Arpad Elo invented a formula to measure chess skill. It became one of the most influential rating systems in the world — and now it powers competitive play in BigChess.

Introduction: A Number That Tells Your Story

Every competitive chess player has a number. It sits beside their name on club walls, tournament tables, and online profiles. It climbs after victories and drops after losses. It is not a perfect measure of anything, and yet chess players guard it with a seriousness that borders on the personal. That number is their ELO rating, and it represents one of the most influential inventions in the history of competitive play.

The ELO system began as a tool for ranking chess players in the United States in the 1950s. It grew to become the official rating system of FIDE, the international chess federation. And then it escaped chess entirely, spreading into video games, professional sports, academic peer review, and a dating app that explicitly uses it to rank users by desirability. A Hungarian-American physics professor's mathematical formula for measuring chess skill became the dominant paradigm for measuring competitive ability in dozens of unrelated fields.

This is the story of the ELO rating system — its origins, its mathematics, its cultural diffusion, its limitations, and its implementation in BigChess, where it powers real-time matchmaking on a 10×10 board against opponents who share your skill level from anywhere in the world.

Part I: Arpad Elo and the Birth of the System

The Problem Before ELO

Before Arpad Elo's system, chess ratings were ad hoc and inconsistent. Various national federations used different methods. Some rated players based on tournament performance against players of known strength. Others used committee-based assessments. The United States Chess Federation used the Harkness system, invented by Kenneth Harkness, which assigned numerical ratings based on performance in tournaments but had significant flaws: it was not statistically grounded, it did not properly account for the strength of opposition, and it produced anomalous results when players competed against opponents of widely different strengths.

The fundamental problem was conceptual: how do you assign a single number that captures competitive chess ability, updates correctly as that ability changes, and remains meaningful when players compete against opponents of different strengths?

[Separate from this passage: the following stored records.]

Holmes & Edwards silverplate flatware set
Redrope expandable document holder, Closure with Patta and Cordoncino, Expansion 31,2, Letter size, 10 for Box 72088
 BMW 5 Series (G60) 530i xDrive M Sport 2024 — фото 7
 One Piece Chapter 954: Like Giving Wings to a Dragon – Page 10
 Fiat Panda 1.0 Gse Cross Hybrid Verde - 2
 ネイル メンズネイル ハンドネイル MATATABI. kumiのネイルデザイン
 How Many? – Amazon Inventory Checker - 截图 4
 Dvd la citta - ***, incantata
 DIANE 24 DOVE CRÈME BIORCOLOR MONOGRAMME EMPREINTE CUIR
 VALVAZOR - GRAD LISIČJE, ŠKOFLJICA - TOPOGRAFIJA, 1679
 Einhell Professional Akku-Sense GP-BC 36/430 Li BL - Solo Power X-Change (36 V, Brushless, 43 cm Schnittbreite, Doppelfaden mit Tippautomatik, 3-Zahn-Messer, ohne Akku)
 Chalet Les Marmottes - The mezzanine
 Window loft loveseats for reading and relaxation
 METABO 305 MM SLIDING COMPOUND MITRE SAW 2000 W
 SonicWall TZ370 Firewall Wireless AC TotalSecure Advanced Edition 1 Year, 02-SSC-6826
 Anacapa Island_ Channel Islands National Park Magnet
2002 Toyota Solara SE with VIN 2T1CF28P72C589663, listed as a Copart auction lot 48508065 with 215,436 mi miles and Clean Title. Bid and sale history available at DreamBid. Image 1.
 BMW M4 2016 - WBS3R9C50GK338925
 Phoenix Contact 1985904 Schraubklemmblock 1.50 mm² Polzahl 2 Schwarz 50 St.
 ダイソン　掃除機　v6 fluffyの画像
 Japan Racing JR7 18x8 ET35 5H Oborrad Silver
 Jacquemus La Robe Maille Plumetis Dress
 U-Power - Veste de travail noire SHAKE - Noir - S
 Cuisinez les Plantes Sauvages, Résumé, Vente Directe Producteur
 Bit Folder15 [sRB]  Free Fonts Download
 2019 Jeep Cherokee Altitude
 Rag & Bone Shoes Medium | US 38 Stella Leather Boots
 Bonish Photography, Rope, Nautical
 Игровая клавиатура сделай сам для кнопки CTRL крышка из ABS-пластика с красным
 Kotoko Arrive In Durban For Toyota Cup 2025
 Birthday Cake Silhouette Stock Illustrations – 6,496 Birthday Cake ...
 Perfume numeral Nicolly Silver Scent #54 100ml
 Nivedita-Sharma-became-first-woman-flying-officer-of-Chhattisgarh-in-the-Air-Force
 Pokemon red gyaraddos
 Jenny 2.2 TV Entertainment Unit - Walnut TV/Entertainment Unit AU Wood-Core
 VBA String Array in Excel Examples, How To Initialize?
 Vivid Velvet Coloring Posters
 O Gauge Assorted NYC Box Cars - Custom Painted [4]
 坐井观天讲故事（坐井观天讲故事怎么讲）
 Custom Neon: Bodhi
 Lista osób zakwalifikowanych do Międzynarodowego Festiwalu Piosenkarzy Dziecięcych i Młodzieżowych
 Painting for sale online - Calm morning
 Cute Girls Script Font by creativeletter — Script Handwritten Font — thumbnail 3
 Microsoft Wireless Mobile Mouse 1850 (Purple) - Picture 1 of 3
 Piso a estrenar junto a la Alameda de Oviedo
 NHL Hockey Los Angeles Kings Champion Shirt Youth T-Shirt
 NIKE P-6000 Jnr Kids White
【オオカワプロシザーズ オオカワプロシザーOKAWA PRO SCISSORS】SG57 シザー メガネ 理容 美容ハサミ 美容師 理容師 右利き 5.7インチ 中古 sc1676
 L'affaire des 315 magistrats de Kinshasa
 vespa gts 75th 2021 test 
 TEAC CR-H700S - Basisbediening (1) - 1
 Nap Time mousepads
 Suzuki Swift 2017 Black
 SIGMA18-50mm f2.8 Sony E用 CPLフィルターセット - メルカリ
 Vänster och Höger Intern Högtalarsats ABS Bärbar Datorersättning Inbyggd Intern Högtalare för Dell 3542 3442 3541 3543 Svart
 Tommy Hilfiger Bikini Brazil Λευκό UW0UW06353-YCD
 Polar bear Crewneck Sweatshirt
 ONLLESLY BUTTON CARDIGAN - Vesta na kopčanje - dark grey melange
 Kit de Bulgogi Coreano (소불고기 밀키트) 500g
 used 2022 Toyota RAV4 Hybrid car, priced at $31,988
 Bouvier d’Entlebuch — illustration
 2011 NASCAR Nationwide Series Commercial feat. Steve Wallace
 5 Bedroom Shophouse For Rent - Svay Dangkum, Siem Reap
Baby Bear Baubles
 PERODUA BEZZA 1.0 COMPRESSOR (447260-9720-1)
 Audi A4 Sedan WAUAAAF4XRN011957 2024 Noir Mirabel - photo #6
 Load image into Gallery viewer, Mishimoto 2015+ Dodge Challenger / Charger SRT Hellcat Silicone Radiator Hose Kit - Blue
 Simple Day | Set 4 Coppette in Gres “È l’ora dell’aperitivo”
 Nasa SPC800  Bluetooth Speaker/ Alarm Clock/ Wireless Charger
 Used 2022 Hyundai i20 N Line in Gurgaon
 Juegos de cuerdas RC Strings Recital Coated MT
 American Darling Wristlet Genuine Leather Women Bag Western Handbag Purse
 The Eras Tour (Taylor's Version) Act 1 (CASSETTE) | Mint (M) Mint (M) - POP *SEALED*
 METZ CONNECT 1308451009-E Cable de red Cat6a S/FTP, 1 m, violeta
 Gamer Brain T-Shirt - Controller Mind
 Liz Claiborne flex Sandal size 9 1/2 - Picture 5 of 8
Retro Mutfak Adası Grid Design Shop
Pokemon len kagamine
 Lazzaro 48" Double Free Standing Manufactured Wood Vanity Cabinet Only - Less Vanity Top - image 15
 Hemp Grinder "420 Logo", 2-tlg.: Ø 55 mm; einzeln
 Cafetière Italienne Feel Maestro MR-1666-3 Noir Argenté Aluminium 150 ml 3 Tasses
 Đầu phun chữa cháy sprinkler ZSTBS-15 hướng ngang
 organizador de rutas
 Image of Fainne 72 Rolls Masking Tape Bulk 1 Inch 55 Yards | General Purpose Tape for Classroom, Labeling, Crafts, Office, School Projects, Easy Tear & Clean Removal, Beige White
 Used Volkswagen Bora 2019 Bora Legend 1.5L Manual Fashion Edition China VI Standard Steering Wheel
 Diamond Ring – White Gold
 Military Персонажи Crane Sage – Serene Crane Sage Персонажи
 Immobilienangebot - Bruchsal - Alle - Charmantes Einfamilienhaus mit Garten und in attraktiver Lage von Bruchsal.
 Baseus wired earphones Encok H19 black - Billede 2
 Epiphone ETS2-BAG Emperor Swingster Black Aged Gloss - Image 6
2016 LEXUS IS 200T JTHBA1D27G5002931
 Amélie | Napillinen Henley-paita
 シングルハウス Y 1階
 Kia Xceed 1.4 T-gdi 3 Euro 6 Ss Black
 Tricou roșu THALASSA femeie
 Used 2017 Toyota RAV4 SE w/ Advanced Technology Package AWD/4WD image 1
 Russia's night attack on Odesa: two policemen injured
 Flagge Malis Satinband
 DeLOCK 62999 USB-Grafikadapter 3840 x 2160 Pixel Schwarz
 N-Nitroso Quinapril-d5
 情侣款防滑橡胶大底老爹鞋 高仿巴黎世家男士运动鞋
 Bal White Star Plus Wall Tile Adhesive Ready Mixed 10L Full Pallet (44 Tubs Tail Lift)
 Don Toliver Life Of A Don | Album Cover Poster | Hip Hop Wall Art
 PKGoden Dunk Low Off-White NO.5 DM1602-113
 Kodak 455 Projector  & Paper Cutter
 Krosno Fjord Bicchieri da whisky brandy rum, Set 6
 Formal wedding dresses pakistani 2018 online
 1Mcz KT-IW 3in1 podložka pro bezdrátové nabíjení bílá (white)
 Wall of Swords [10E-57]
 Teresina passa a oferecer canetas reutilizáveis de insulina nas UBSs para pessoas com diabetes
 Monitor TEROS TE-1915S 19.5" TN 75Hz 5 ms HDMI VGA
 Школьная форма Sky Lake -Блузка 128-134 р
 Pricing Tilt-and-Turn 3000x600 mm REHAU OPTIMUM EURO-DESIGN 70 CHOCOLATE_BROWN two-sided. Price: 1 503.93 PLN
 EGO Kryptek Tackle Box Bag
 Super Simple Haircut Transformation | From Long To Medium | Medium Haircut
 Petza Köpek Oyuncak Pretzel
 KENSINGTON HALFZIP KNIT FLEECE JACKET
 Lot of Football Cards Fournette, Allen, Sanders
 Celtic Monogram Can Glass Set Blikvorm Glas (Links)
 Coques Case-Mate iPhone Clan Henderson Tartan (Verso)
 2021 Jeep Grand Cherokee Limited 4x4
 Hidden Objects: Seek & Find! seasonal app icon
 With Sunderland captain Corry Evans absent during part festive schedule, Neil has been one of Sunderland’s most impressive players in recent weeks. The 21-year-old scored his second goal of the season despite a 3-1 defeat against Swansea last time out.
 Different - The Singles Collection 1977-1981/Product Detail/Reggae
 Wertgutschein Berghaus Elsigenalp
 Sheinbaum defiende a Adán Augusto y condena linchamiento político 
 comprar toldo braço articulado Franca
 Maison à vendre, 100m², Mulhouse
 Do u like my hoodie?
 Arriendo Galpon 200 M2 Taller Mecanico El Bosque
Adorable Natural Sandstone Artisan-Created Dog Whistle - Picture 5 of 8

Arpad Elo: The Man Behind the Formula

Arpad Elo was born in Hungary in 1903 and emigrated to the United States in 1913. He became a physics professor at Marquette University in Milwaukee and a lifelong chess enthusiast. He served on the USCF's rating committee and grew increasingly dissatisfied with the Harkness system's mathematical foundations.

Elo brought the rigor of statistical physics to the problem. He proposed that chess skill, like many measured quantities in nature, follows a normal distribution — that if you plotted the true playing strengths of all chess players on a graph, you would get a bell curve. Furthermore, he proposed that the probability of Player A defeating Player B could be calculated mathematically from the difference between their ratings, using the cumulative distribution function of the normal curve.

His key insight was probabilistic rather than deterministic: he did not claim that a higher-rated player will always beat a lower-rated one, only that the probability of each outcome could be calculated from the rating difference. This probabilistic foundation made the system robust to upsets and allowed ratings to update incrementally after every game rather than requiring periodic recalculation.

Elo published his system in 1978 in his book The Rating of Chess Players, Past and Present, but the USCF had already adopted it in 1960, and FIDE began using it internationally in 1970. By the time Elo published his comprehensive treatment, his formula had been the gold standard of chess rating for a decade.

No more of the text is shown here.